▸ DATA FOR REVIEW
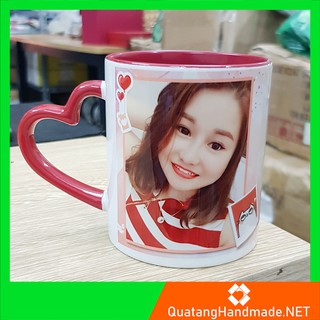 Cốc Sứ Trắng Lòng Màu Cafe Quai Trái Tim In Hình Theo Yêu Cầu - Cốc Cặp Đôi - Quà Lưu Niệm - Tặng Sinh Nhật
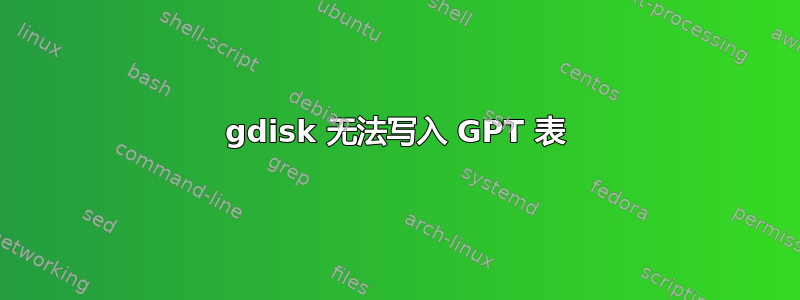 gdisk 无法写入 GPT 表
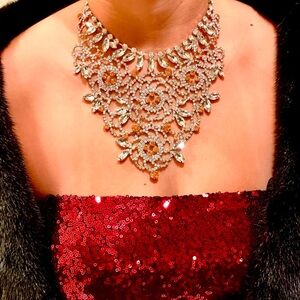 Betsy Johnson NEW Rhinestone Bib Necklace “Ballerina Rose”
...
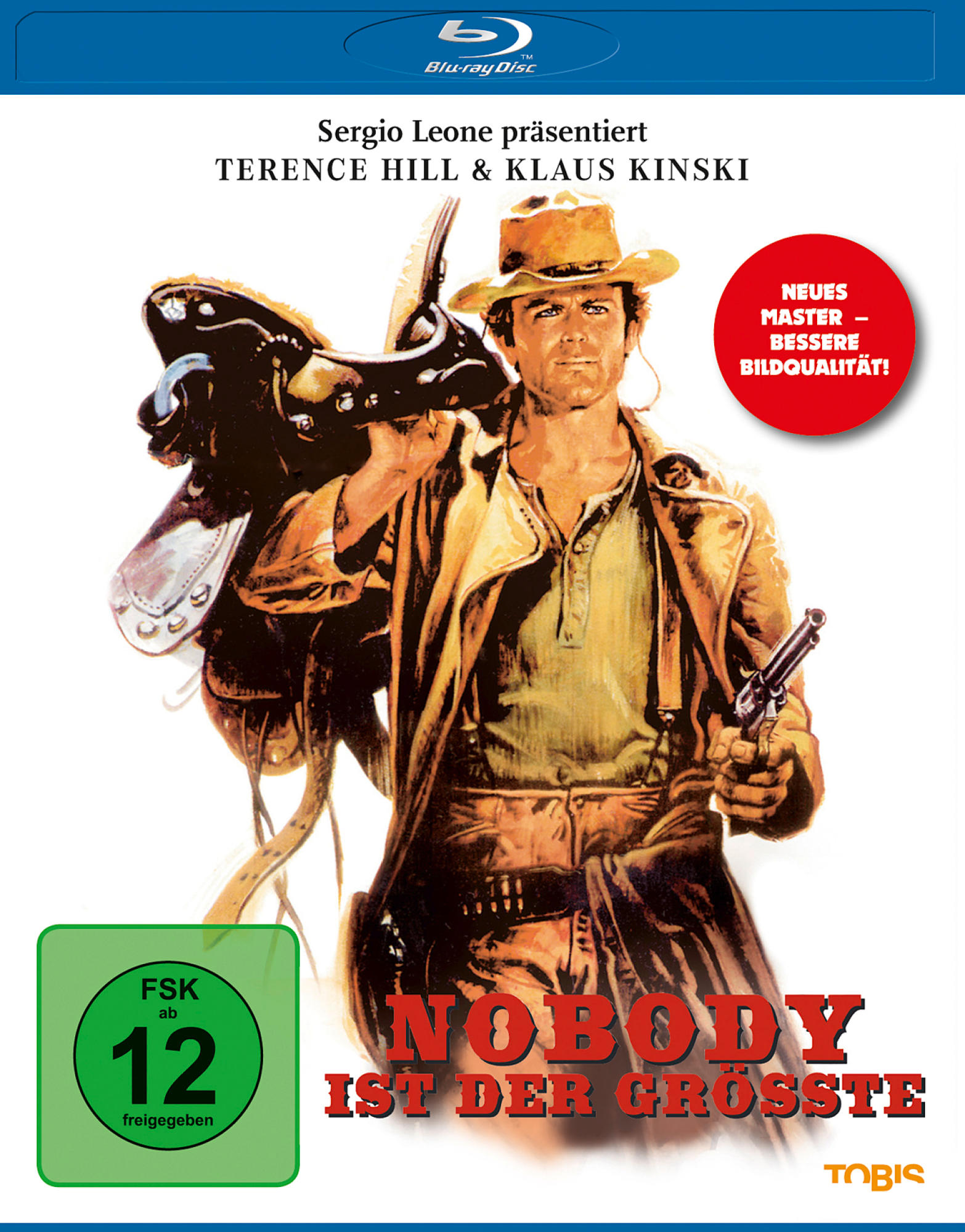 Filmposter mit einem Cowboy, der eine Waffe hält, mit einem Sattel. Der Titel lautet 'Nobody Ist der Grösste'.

▸ YOUR GOAL
The answer is the lines above from the one with "gdisk 无法写入 GPT 表" to the one with "Betsy Johnson NEW", set down exactly, with no pictures.

▸ THE COMPLETED TASK
 gdisk 无法写入 GPT 表
 Betsy Johnson NEW Rhinestone Bib Necklace “Ballerina Rose”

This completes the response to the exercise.